A GWI diz que as acusações dos controladores sobre informação privilegiada e manipulação de mercado “são infundadas e serão respondidas nas instâncias competentes”. Acrescenta que Mu fez “uma visita institucional programada” à sede da Saraiva que ele ficou suspreso em não encontrar nenhum dos 13 diretores na empresa. Era 27 de maio, dia últil, embora em meio ao feriadão de Corpus Christi.

Perguntado se acreditava que a empresa deveria pedir recuperação judicial ou contratar uma consultoria para reestrutração, Mu disse por email que “continua disposto a contribuir ativamente para o crescimento do negócio em conjunto com os demais acionistas”.

O coreano é polêmico.

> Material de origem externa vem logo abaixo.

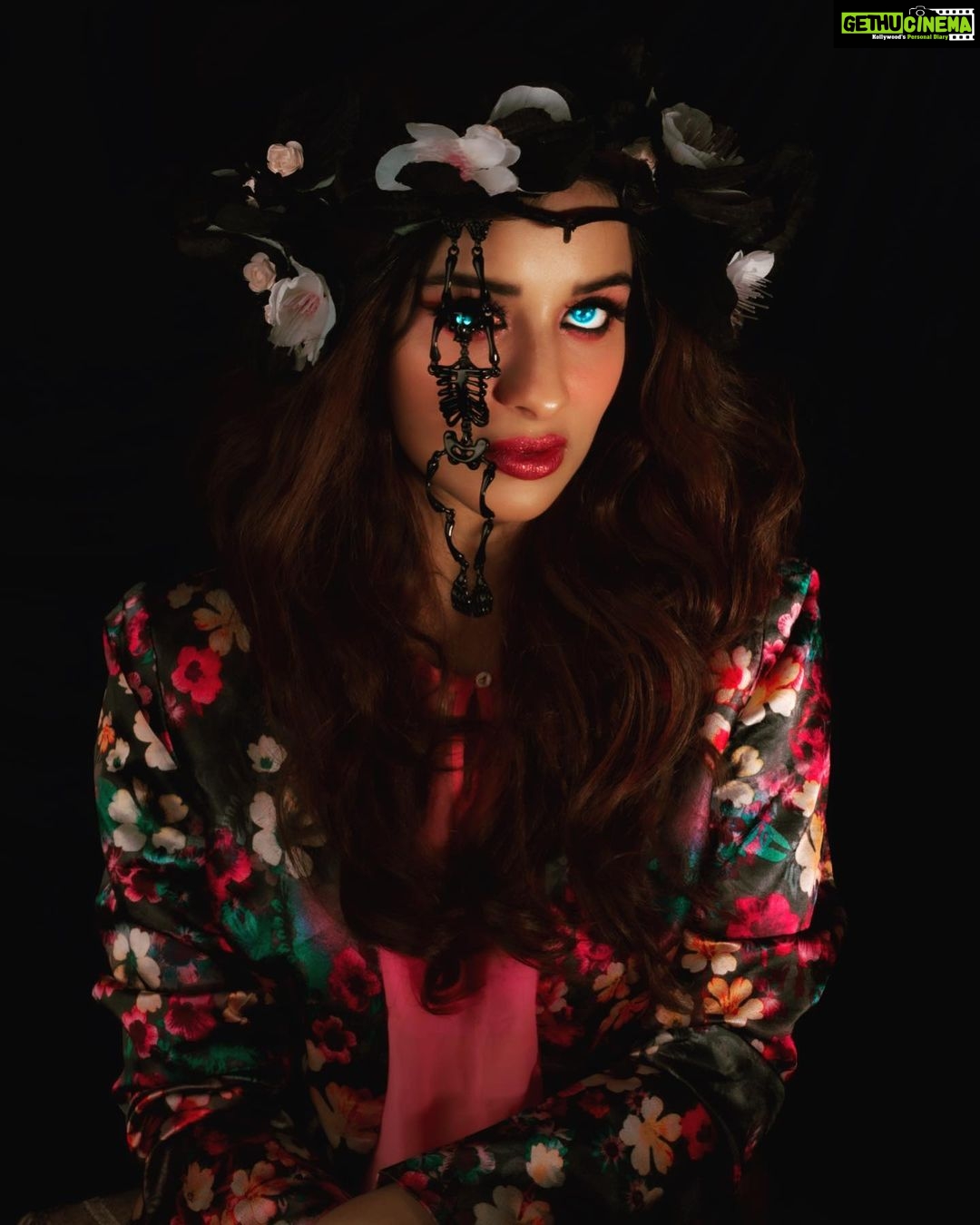 Madhuurima Instagram - Choose the best one. Shot and styled by @painted.lenss #voting #halloween #halloweenmakeup #halloweencostume #halloween2020 #hallo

Os fundos que estão sob seu guarda-chuva costumam adotar posições agressivas no mercado. Em 2011, o investidor apostou nas ações do frigorífico Marfrig e concentrou demais os investimentos de um de seus fundos. As ações despencaram e o fundo ficou com patrimônio negativo, com prejuízo para os cotistas. O caso gerou um processo sancionador na CVM, uma vez que o GWI desrespeitou regras do próprio fundo. Mu tentou encerrar o caso propondo pagar R$ 60 mil, mas a CVM não aceitou o termo de compromisso. O processo está em curso.

ASSOCIAÇÃO TEME AMEAÇA A MINORITÁRIOS

Independentemente do perfil de Mu, o caso Saraiva vem despertando preocupação entre os minoritários. A Associação de Investidores no Mercado de Capitais (Amec) disse em nota ontem que “enxerga nos fatos em curso que envolvem a Saraiva uma grave ameaça à integridade das ferramentas legais que conferem à minoria a capacidade de monitorar e fiscalizar as companhias que captam recursos do público”. E acrescentou: “é crucial que tanto a CVM quanto o Judiciário estejam sensíveis a esta ameaça, e compreendam a importância de agir preventivamente, antes que seja imposto dano irreparável à minoria”.

Para o professor de direito societário do Ibmec e ex-procurador da CVM, José Eduardo Cavalcanti, caberá à CVM investigar o comportamento do investidor. Ele salienta que, como conselheiro, Mu pode pedir qualquer tipo de informação à empresa, pois uma de suas funções, como minoritário é justamente a de fiscalizá-la. Mas “ele não pode usar a informação confidencial para obter ganhos no mercado de capitais, pois isso configura crime”.

Cavalcanti também explica que qualquer investidor com mais de 5% das ações pode convocar uma assembleia, desde que tenha feito o pedido aos administradores da companhia e que estes não tenham dado resposta em até oito dias. O que o professor avalia ser passível de questionamento é a forma como a assembleia, depois suspensa pela Justiça, foi convocada:

— Houve uma inabilidade dele ou uma ação propositada de expor a companhia ao descrédito. Falar em insolvência pode causar problemas de imagem à empresa e acabar precipitando uma situação, como a própria insolvência.

A situação da Saraiva vinha causando preocupação no mercado. Em 2014 e nos primeiros nove meses de 2015, a compahhia teve prejuízo. Com a venda da editora Saraiva para o grupo Abril, anunciada em junho, a empresa acabou fechando o quartro trimestre do ano passado no azul, encerrando o ano com lucro líquido de R$ 239 milhões. No primeiro trimestre de 2016, o lucro foi de menos de R$ 300 mil e a dívida continuava alta: em R$ 572 milhões.